*** Opening Material for the task ***
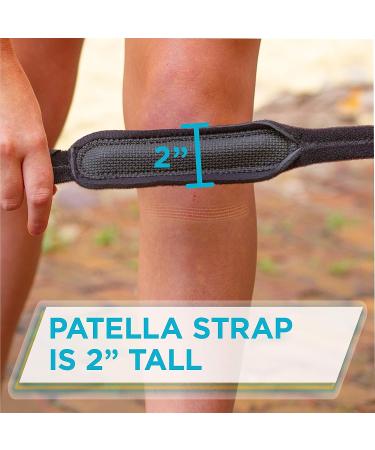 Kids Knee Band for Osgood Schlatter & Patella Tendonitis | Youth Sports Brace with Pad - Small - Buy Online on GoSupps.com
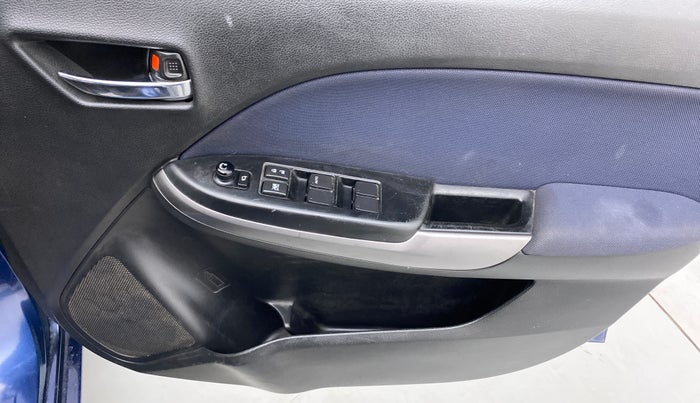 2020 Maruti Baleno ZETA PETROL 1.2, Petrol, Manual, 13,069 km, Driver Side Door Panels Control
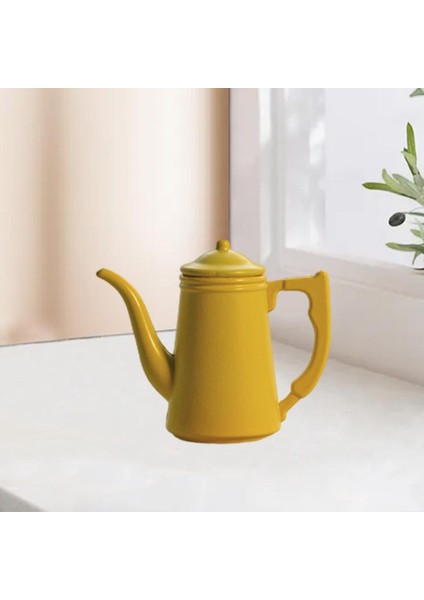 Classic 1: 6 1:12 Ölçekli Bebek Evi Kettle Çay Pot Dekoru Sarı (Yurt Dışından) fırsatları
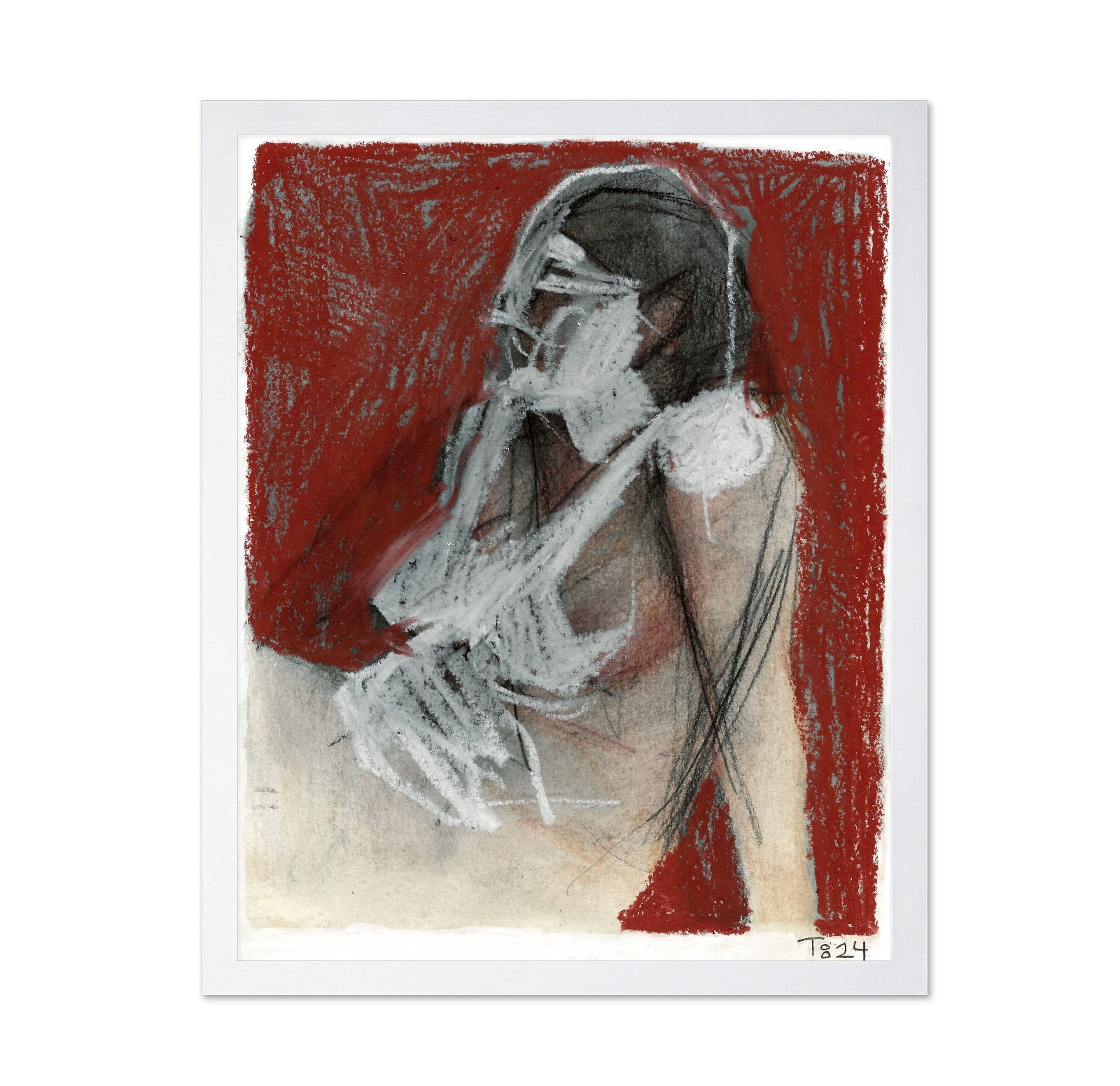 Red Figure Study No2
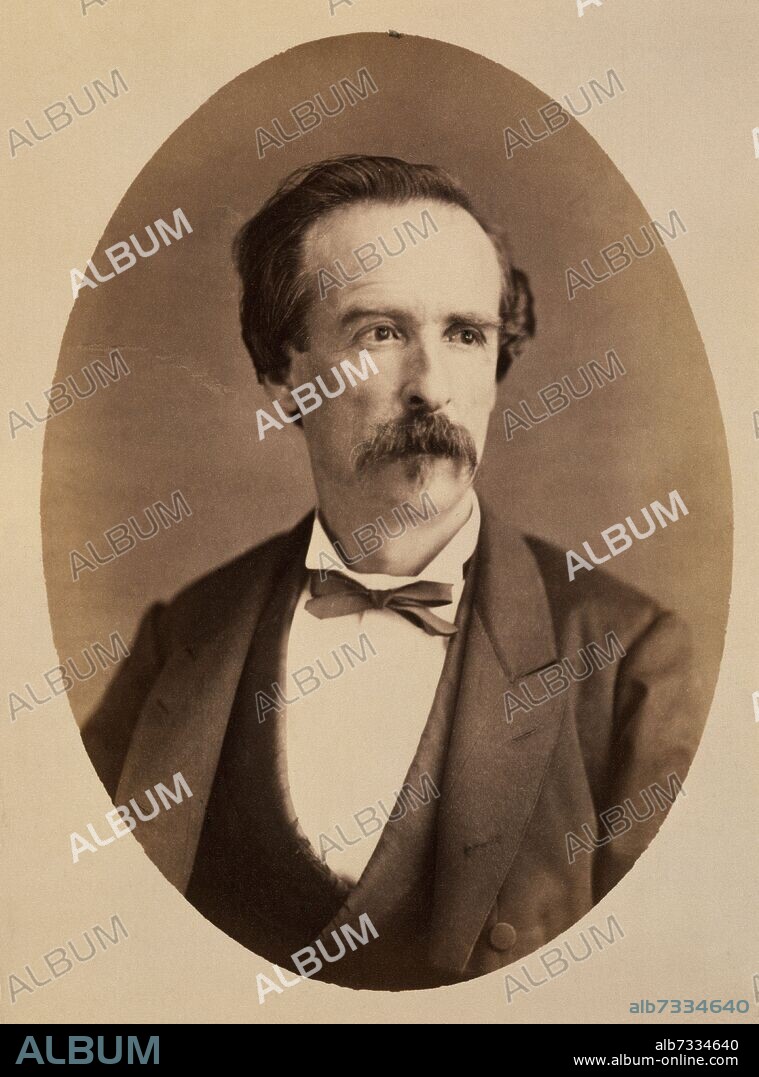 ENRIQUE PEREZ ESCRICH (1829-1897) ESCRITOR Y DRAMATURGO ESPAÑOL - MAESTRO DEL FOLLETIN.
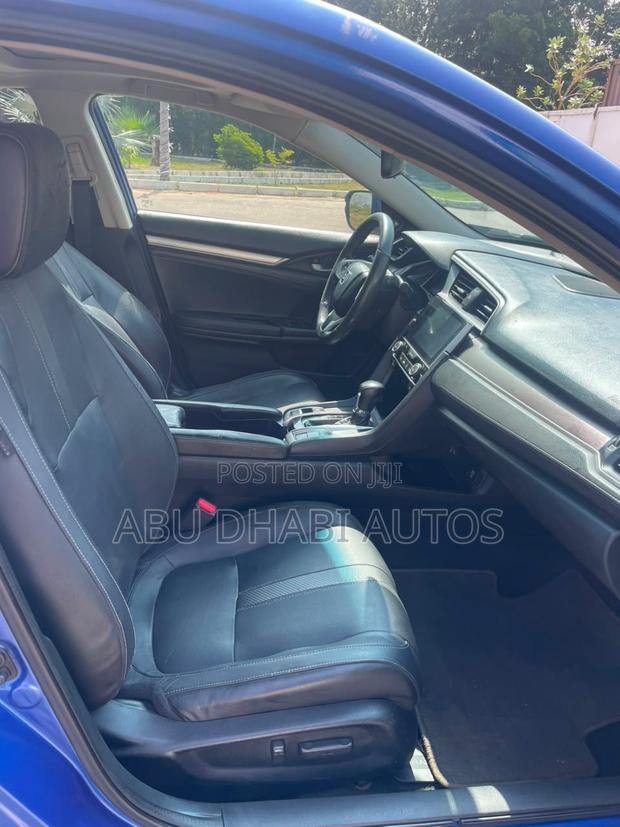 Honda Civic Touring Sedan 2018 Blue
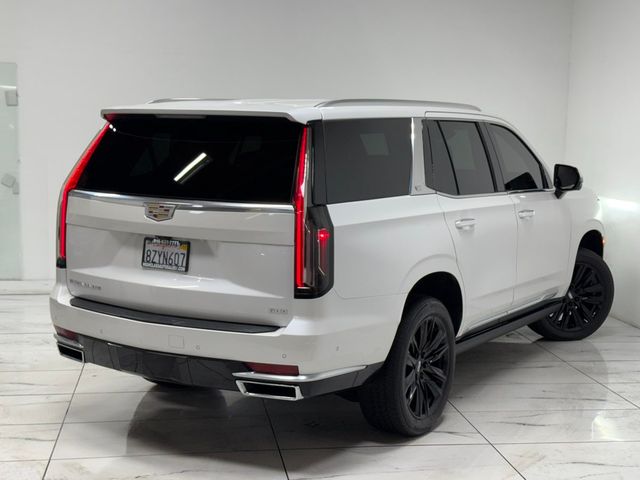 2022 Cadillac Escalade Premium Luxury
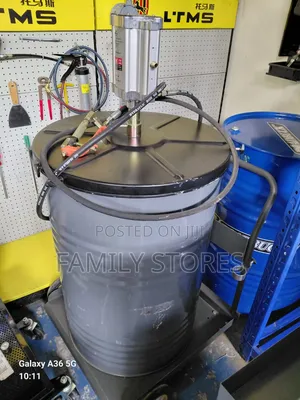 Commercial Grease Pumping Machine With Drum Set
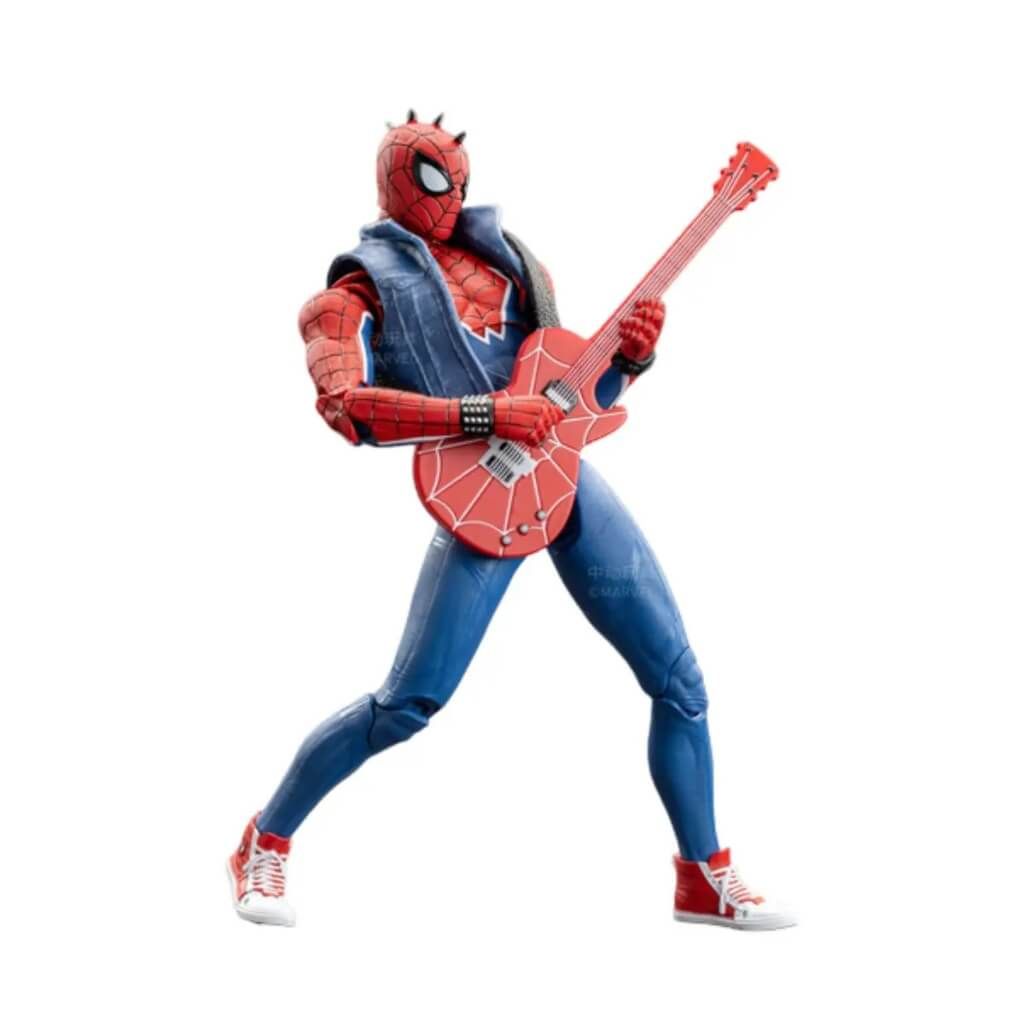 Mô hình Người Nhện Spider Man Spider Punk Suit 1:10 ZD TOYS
*** Closing Material for the task ***
• **Exercise**
All pictures are to be skipped. Output, word for word, the lines in the data above starting at the line containing "2020 Maruti Baleno" and ending at the line containing "Honda Civic Touring Sedan 2018 Blue".

• **Solution to the problem**
 2020 Maruti Baleno ZETA PETROL 1.2, Petrol, Manual, 13,069 km, Driver Side Door Panels Control
 Classic 1: 6 1:12 Ölçekli Bebek Evi Kettle Çay Pot Dekoru Sarı (Yurt Dışından) fırsatları
 Red Figure Study No2
 ENRIQUE PEREZ ESCRICH (1829-1897) ESCRITOR Y DRAMATURGO ESPAÑOL - MAESTRO DEL FOLLETIN.
 Honda Civic Touring Sedan 2018 Blue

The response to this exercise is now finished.